1. Temer y el PMDB. Se confirma que el PMDB fue “precipitado y burro” al romper con el gobierno, como dijo Renan Calheiros, con la instalación de una comisión para analizar el pedido de impeachment del vicepresidente Michel Temer. A disgusto y presionado por una decisión de la Corte Suprema, el presidente de la Cámara Eduardo Cunha convocó a los líderes partidarios a que propongan miembros para la comisión. EL ala del PMDB que apostó por romper con el gobierno creyó que Temer sumaría apoyos a su eventual gobierno, pero no fue así. Los ministros del PMDB en el gobierno no abandonaron sus cargos, con excepción de Henrique Alves, y una parte de los diputados votarán contra el impeachment esperando seguir formando parte del gobierno en caso de una victoria de Planalto. Abierto el espacio tras la salida del PMDB, surgieron candidatos a ocuparlo como el PP, el PSD y el PR.

2. Moro y el Lava Jato – El día en que el golpe en forma de impeachment fue más tangible fue el domingo 13 de marzo, en que millares salieron a las calles contra Dilma, Lula y el PT.  Aquel combustible fue propiciado por el juez Sergio Moro con la divulgación ilegal de un audio ilegal de una charla entre Dilma y Lula. A continuación surgió el alarido de la oposición y de los medios sobre el supuesto blindaje de Lula con su nombramiento como ministro Jefe de Gabinete para evitar una prisión preventiva. Hasta hoy Lula no es ministro por un amparo concedido a los opositores PSDB y PPS, pero los vientos comienzan a cambiar. La conciencia jurídica se indignó con la partidización del acto de un juez en posición estratégica, la conciencia democrática fue provocada y reaccionó. El día 31 hubo manifestaciones contra el golpe y a favor de la democracia en todo en país.

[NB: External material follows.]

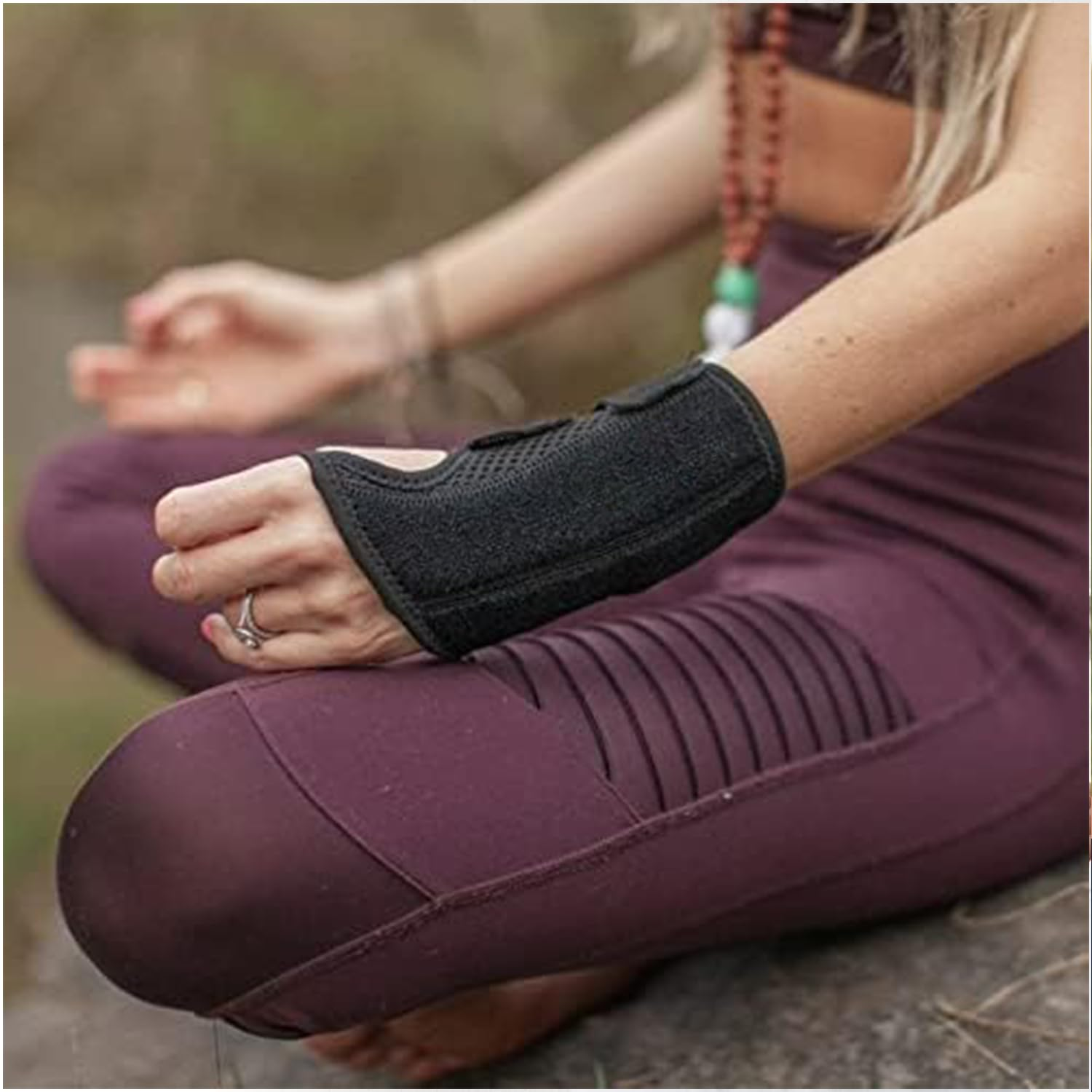 Advanced Wrist Brace - Infused Adjustable Orthopedic Support Splint for Pain, Carpal Tunnel, Arthritis, Tennis Elbow, Tendinitis, RSI, Ganglion Cyst for Men Women Left S/M (Jz_Brace (Ringh S/M)) image number 4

De ahí en más el juego se trasladó al Congreso. El gobierno -pasado el susto de la salida del PMDB y liberado de los compromisos con el aliado dudoso-, salió a negociar con los otros partidos del “bajo clero” del Congreso, despidió a la gente del PMDB recomendada por Temer y salió a la caza de nuevos socios, en fin, se arremangó.

Antes de llegar al plenario para la votación del impeachment, habrá con certeza un recurso de la corte suprema contra el parecer de la comisión de impeachment.

Habrá llegado para el Supremo Tribunal Federal la hora de lidiar con la crisis en el papel de guardián institucional, cambiando el temos de la interferencia excesiva por el arbitraje sobre la caracterización o no del crimen de responsabilidad que determina si hay razones para el impeachment.